### ACTIVITY
All lines from the one with "Baby Boy Cartoon" through the final line below are to be reproduced exactly; omit the others.

Caption-style text data
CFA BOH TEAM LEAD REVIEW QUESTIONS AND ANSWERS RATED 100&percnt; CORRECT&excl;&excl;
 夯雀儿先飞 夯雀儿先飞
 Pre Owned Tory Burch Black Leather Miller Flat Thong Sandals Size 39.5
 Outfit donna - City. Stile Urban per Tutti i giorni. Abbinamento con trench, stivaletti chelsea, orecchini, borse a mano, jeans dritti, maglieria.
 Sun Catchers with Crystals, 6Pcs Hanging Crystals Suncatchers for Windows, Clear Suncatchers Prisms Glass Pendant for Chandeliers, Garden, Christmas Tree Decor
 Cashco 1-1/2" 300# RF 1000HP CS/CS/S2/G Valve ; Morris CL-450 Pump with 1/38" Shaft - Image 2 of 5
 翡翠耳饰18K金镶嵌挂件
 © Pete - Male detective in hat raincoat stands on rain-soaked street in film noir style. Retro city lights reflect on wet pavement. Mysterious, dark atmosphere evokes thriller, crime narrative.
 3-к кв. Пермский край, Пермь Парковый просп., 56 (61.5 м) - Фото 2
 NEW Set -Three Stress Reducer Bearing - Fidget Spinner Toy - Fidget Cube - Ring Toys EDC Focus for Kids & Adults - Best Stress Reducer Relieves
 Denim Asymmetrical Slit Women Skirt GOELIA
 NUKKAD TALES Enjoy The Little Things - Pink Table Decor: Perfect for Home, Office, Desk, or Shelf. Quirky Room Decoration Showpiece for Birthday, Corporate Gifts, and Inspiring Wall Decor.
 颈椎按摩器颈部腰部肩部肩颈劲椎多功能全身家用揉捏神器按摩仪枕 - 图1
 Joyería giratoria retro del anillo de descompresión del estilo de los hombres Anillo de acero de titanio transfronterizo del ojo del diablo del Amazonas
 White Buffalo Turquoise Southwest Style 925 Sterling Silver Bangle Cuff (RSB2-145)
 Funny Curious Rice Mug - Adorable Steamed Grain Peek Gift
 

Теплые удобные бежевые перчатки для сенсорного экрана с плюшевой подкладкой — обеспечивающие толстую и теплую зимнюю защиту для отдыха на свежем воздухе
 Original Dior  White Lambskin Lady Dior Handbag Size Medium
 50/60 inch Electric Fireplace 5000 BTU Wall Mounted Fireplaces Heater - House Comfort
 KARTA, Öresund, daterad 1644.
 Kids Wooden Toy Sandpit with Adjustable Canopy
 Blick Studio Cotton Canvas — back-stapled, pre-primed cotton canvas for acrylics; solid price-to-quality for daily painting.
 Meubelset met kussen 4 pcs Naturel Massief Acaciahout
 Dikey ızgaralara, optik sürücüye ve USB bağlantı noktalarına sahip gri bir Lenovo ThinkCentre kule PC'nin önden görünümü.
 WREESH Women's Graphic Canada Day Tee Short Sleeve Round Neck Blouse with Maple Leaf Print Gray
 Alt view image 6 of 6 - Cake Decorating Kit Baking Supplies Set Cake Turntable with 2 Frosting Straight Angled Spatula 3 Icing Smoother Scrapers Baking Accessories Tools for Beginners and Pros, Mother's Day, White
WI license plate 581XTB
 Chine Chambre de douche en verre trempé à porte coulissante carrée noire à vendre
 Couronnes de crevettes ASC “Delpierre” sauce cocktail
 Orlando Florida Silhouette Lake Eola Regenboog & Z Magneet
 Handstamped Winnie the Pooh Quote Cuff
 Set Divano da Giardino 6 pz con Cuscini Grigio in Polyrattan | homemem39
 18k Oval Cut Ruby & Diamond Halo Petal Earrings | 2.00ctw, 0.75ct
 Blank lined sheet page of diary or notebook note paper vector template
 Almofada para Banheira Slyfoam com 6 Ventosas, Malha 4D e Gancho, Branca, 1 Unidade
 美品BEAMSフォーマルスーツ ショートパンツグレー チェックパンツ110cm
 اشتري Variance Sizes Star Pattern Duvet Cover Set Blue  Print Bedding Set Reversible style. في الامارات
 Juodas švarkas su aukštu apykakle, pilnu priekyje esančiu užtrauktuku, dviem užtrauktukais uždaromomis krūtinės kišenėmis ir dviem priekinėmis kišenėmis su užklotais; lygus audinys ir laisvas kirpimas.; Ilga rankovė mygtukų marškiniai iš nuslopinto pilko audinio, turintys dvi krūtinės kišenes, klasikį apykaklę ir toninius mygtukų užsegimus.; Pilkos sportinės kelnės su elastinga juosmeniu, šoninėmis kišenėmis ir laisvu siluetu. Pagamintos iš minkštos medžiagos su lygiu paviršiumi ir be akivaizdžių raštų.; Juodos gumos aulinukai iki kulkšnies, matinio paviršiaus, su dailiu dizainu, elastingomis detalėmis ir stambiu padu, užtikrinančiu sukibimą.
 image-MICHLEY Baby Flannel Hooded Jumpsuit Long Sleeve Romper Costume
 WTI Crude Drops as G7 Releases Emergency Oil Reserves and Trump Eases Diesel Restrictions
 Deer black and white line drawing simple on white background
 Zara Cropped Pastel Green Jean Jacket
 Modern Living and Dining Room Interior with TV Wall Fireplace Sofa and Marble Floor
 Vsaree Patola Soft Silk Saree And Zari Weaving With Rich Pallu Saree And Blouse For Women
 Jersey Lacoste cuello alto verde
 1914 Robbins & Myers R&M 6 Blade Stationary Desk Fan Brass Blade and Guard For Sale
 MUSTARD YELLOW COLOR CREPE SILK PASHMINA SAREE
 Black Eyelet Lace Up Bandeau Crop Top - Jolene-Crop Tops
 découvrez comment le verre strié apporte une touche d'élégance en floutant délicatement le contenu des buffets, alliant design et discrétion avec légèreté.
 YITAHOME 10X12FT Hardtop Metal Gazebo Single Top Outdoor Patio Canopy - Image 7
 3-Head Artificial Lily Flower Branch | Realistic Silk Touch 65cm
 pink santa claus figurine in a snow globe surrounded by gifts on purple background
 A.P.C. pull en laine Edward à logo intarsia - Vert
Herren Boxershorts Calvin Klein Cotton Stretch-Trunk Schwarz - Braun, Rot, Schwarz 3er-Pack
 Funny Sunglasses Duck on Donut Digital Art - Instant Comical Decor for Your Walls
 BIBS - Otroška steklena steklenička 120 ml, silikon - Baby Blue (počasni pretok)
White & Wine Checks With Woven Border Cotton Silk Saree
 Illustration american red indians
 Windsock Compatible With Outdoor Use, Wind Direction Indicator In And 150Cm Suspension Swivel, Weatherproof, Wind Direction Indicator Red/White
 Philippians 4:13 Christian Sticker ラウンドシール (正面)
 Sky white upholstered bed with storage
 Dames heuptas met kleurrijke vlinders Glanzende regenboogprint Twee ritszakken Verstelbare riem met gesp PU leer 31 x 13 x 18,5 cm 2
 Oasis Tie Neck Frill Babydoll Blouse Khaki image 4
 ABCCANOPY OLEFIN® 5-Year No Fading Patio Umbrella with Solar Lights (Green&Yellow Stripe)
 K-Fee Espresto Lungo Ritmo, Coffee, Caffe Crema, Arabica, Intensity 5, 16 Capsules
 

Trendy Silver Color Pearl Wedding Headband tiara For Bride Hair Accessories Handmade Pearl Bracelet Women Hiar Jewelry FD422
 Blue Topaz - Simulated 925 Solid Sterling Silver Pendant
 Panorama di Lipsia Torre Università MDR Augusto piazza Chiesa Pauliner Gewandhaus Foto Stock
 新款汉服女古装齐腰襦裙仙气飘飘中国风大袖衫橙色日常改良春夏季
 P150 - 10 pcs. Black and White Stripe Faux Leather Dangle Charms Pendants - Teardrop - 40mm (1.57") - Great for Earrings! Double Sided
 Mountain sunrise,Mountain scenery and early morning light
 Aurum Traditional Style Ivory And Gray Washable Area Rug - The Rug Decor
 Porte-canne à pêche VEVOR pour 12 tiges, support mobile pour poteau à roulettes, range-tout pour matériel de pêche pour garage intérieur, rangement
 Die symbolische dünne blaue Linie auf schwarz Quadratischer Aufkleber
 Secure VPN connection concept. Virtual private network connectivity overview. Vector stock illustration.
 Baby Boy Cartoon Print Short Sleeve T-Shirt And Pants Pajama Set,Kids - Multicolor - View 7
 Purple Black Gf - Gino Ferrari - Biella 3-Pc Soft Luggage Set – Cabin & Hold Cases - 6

### ANSWER AREA
 Baby Boy Cartoon Print Short Sleeve T-Shirt And Pants Pajama Set,Kids - Multicolor - View 7
 Purple Black Gf - Gino Ferrari - Biella 3-Pc Soft Luggage Set – Cabin & Hold Cases - 6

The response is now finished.